Kane names this feeling “Rosebud.”  Rosebud is the name of the sled Kane plays with as a young boy.  We catch a glimpse of it in the only scene of Charlie’s boyhood.  He is running, shouting, sledding, and doing the things rambunctious boys do while his parents are just inside.  It is a scene of idyllic, exuberant play.  “Rosebud” is a little boy’s shorthand for everything that scene contains.  And it is a dying man’s recollection of everything he lost and everything that seemed further out of reach the more he grasped after it throughout his life.  The more Kane tried to be loved, the more isolated he became.

Citizen Kane is a tragedy of Matthew 16:25-26.  Jesus said “For whoever wants to save their life will lose it, but whoever loses their life for me will find it. What good will it be for someone to gain the whole world, yet forfeit their soul?

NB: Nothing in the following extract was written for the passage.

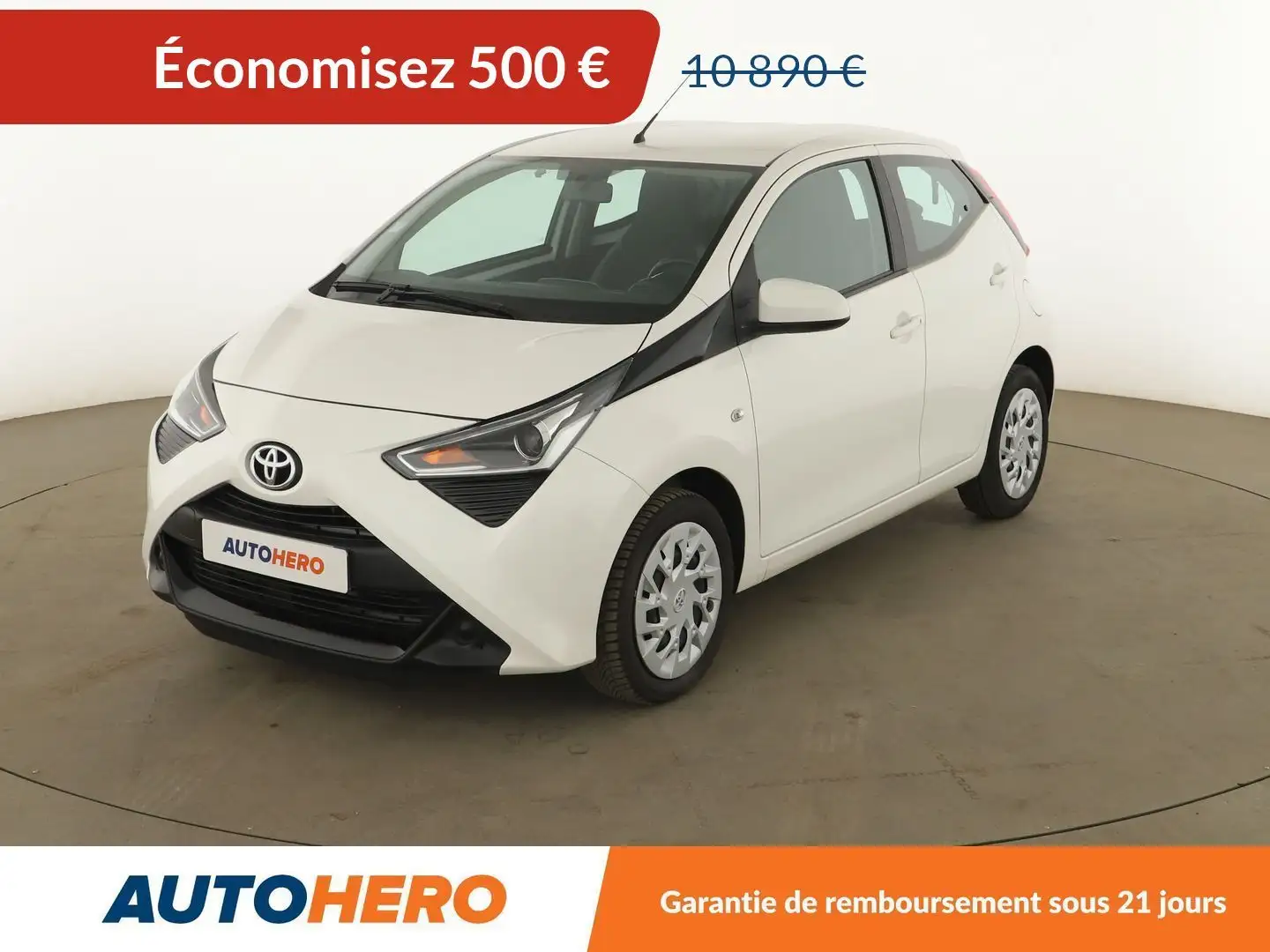 Toyota Aygo 1.0 VVT-i X-Play Blanc - 1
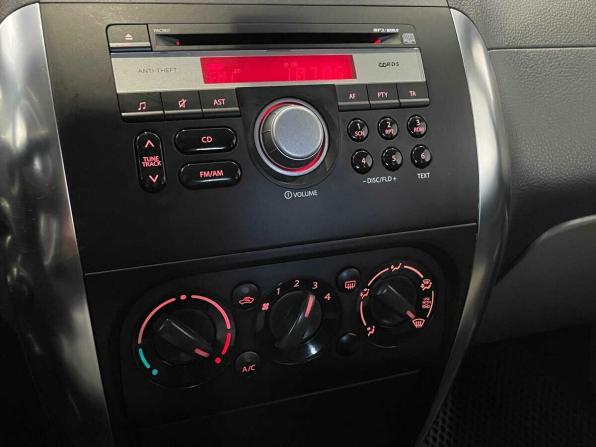 Suzuki SX4 I (Classic) Рестайлинг с пробегом 2012 года, цена 860 000 рублей, 97433 км, хэтчбек, Автокод Объявления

Or what can anyone give in exchange for their soul?”  Kane never understood that joy is the product of sacrifice.  He thought joy should always be the free and easy kind he remembered as a child, but that only breeds narcissism and selfishness if we pursue it into adulthood.  Kane grasped after his own happiness, and lost it; he inherited the whole world and could never let go; he sought to save his own life, and was damned.  Kane knows it:  he says to a friend at one point, “You know Mr. Berstein, if I hadn’t been very rich, I might have been a really great man.”  Kane is the rich young ruler who walked away from Jesus.

Is Citizen Kane the greatest movie ever made? It doesn’t have a single explosion, wizard, vampire, or lightsaber.  It does have a sober and true estimate of man, a poignant story expertly told in way only the language of cinema could express, and a memorable, almost haunting, lesson.  You can ask for little more from a great work of art.